Beim Betreten der Reinigung »Sauberland« strömt feuchtheiße Luft entgegen. Inhaber Markus Budzyn erscheint am Tresen. Schweißtropfen laufen ihm über die Stirn. »Richtig heiße Läden wie diesen gibt es kaum noch«, erklärt er. »Meistens sind Reinigungen lauwarme oder kalte Läden, das heißt es sind reine Annahmestellen, wo Kleider abgegeben werden, aber nicht mehr – oder nur noch zum Teil – vor Ort gereinigt werden. Wenn es die Kunden mal sehr eilig haben, dann können sie bei uns ihre gereinigte Wäsche noch am gleichen Tag abholen. Die kalten Läden können da nicht mithalten.« Der Chef ist wortgewandt und witzig. Die meisten Menschen können bei diesen Temperaturen nicht mal mehr denken.

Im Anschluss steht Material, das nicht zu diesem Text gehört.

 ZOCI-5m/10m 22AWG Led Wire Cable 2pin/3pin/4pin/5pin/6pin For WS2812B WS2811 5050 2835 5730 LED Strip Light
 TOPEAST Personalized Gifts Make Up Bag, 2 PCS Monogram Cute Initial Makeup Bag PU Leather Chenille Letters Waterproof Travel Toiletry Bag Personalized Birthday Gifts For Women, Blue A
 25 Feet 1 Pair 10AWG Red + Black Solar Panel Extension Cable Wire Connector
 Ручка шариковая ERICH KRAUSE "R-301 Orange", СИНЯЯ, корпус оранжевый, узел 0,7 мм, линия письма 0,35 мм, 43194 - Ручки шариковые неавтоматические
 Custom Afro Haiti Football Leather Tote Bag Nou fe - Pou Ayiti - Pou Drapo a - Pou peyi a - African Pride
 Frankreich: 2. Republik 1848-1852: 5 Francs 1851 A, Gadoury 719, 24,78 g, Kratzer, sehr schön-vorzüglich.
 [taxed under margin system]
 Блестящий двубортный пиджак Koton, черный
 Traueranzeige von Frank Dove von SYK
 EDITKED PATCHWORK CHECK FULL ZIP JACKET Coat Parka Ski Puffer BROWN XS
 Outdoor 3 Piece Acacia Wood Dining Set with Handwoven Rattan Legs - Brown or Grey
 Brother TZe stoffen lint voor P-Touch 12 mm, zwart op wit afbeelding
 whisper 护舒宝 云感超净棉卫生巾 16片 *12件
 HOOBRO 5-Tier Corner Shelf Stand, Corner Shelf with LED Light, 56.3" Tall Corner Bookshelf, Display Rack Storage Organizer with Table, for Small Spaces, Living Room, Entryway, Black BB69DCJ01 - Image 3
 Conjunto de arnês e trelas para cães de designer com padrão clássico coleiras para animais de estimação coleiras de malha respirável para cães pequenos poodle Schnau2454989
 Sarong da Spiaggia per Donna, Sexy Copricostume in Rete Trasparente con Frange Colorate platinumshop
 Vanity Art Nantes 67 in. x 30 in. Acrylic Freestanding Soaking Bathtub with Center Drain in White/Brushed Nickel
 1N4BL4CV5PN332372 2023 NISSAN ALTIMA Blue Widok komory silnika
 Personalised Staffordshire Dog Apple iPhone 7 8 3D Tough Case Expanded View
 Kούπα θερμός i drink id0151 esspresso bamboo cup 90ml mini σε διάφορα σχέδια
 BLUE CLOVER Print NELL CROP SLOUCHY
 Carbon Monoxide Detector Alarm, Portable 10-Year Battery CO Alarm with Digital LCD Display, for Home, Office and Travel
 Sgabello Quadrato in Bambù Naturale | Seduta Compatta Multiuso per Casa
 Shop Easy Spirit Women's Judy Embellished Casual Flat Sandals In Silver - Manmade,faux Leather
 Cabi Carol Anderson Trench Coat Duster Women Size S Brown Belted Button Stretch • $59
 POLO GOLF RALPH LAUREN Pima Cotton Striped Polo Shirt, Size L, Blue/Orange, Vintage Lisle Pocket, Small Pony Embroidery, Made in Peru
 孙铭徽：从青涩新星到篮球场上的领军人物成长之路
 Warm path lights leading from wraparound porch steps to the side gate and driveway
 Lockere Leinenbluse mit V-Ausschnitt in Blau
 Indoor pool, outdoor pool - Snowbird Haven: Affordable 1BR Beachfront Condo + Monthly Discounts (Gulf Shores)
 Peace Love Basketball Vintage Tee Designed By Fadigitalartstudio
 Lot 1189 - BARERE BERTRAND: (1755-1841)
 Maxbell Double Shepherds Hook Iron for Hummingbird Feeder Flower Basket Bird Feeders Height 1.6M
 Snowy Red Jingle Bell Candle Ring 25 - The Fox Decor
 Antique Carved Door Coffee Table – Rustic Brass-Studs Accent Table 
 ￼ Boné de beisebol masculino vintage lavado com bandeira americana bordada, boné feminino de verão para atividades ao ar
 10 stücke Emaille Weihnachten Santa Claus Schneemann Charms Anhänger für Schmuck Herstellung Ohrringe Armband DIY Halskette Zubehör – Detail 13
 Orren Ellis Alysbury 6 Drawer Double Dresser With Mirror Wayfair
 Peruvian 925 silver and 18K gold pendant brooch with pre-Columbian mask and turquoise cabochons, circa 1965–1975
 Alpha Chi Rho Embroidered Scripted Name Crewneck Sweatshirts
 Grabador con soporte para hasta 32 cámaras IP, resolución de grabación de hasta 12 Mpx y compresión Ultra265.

»Der erste Laden war gegenüber vom Stadtteilladen, wo früher das alte Polizeirevier war, später waren wir auf der Pichelsdorfer Straße, dann sind wir zurück in die Adamstraße gezogen. Mein Patenonkel hat den Laden von meinem Vater übernommen. Als der Patenonkel in Ruhestand ging, war ich dran.« Auf die Frage, wie man die Hitze an solchen Tagen aushält, antwortet Markus Budzyn zunächst mit einem Lachen. »Gehen Sie mal nach hinten zu meiner Frau, dort ist es richtig gemütlich.«

Carina Kleineidam steht an der Hemdenpuppe und stülpt ein Hemd auf. Mit Knopfdruck wird heiße Luft in das Hemd geblasen, es bläht sich auf wie ein Blasebalg, ein zischendes Geräusch erfüllt den Raum. 48 Grad Celsius hat Carina Kleineidam hier schon gemessen. An diesem Tag sind es kaum weniger. »Wenn man darauf eingestellt ist, dann kann man das schon aushalten.« Zuerst kommt das nasse Hemd in die Kragen- und Manschettenpresse, dann an die Hemdenpuppe, zum Schluss wird mit der Hand nachgebügelt. 100–120 Hemden trocknet und bügelt sie auf diese Weise in einer Arbeitsschicht. Das hört sich unendlich anstrengend an und man fragt sich, wie es möglich ist, bei diesem Job noch so gut auszusehen. Bevor Carina Kleineidam mit ihrem Mann die Reinigung übernahm, hat die Mutter von zwei erwachsenen Kindern als Erzieherin gearbeitet. »Die Selbstständigkeit eröffnete mir viele Möglichkeiten«, sagt sie. Besonders die freie Zeiteinteilung gefalle ihr sehr.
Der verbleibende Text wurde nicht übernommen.